The worst part of this is that this is BY DESIGN.

I maintain a small handful of actions. You are expected to, as an action maintainer DELETE and RETAG your major versions when you release a new minor or patch version. That is to say for instance your v2 tag should point to the same commit as your latest 2.x.x tag.

Not everyone does this mind you, but this is the default and the expected way of operating.

I was frankly kind of taken aback when I learned this. I know for a fact documentation of this used to exist, but I am failing to find it currently.

You can see GitHub themselves however doing exactly this here, with the v4 and v4.2.2 tags matching here (as of today, v4 will move in future)

https://github.com/actions/checkout/tags

sureIy

This is probably the dumbest design decision of GitHub Actions. You'd think that the biggest git platform would know better than asking you to force push every release. They should have just used branches, because that's exactly what they're for. Or they should have resolved the right tag themselves, like npm does.

CrimsonRain

I only use a handful of official github and docker actions. This behavior is something that I (and many others) want in that case.

Here @v4 is very similar to how you'd tag docker image v4-latest.

Ultimately, it should be a choice. Like you can do with package.json. Pin an exact, allow patch updates, allow minor updates or always latest etc.

Joker_vD

> Tags vs commit IDs is a tradeoff between convenience and security. Specifying an exact commit ID means the code won’t change unexpectedly, but tags are easier to read and compare.

Imagine if we could specify both the tag and its commit, and the runner would check, at run-time, whether the specified tag is still pointing to the specified commit. This would essentially "lock" the dependency. Although storing such "locks" inline would probably be a bit too ugly, maybe we could instead collect them all and store them in a separate "file of locks", so to speak. Does anyone know if something like this has been tried before or am I just making up stupid stuff?

ph3t

GitHub’s dependency graph is supposed to give us this kind of visibility without any custom scripting, but from my experience it’s pretty spotty and often misses dependencies entirely.
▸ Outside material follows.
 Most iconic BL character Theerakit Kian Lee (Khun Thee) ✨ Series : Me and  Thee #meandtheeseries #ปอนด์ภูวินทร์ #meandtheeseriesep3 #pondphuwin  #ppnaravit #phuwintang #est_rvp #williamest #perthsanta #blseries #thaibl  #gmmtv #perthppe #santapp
Also, the script from the article doesn’t cover transitive GitHub Actions dependencies. So if a third-party action you’re using relies on a vulnerable action internally, it won’t catch that.

password4321

This article appears to be in response to the linked Tj-actions/changed-files GitHub Action Compromised – used by over 23K repos discussed at https://news.ycombinator.com/item?id=43367987 10 days ago; not a duplicate as it discusses a detection tool but perhaps it rhymes.

TheRealPomax

Was this an auto-generated comment? Because yes, of course it's related, it's someone doing their own investigations based on the news.

password4321

I tried to point out that though the topic is a duplicate, the link does add additional value. Do you not think the previous discussion is worth linking? Yeesh

fergie

Right, but lets get real here: GitHub Actions is fundamentally insecure. You are blindly trusting upstream libraries and GitHub itself to respect and protect your secrets.